EXERCISE
Return the lines below in which the string "Hotel" occurs.

*** RECORDS TO PROCESS ***

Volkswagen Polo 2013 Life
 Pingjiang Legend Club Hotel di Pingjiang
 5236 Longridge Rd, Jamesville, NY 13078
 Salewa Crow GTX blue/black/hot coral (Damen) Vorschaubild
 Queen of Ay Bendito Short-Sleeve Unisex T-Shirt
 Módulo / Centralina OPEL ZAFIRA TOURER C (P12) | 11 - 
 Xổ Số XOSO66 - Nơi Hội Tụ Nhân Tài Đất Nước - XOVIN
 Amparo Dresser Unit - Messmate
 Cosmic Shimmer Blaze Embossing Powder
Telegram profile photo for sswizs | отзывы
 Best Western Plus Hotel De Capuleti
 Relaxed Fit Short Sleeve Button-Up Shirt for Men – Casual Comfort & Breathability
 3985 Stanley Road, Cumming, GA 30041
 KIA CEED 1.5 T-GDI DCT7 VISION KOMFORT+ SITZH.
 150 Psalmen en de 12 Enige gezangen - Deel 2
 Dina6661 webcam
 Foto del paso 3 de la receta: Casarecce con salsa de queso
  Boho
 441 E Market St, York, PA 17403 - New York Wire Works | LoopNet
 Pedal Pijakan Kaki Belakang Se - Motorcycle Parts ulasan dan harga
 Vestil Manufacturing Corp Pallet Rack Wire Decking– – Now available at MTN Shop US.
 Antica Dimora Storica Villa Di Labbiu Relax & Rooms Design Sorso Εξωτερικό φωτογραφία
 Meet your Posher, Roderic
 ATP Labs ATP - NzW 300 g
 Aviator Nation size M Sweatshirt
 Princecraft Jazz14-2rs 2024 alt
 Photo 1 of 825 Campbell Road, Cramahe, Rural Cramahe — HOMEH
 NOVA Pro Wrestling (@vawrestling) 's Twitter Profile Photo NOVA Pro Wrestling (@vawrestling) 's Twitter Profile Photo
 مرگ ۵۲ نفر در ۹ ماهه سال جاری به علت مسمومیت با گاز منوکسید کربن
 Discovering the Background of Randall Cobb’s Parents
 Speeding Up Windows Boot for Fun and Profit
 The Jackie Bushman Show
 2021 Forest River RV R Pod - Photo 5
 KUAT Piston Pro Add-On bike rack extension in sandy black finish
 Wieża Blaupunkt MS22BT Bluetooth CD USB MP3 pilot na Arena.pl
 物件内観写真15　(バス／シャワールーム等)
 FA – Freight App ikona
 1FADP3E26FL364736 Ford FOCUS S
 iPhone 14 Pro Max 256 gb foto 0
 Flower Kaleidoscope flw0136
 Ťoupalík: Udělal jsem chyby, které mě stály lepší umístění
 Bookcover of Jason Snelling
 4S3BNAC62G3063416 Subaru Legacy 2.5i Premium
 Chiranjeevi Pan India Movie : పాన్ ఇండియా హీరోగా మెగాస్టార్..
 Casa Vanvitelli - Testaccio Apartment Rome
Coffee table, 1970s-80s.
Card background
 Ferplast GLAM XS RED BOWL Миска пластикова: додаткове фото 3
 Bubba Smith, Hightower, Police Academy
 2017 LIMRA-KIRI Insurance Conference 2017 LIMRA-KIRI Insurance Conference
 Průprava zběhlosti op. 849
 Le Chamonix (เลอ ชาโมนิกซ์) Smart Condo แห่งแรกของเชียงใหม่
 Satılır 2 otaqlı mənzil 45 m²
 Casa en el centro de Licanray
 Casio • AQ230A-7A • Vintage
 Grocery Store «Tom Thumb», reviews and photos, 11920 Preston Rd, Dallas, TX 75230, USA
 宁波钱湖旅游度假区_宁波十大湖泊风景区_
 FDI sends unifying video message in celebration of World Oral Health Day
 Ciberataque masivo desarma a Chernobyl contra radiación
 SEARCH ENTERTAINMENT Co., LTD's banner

***

OUTPUT FOR THIS TASK
 Pingjiang Legend Club Hotel di Pingjiang
 Best Western Plus Hotel De Capuleti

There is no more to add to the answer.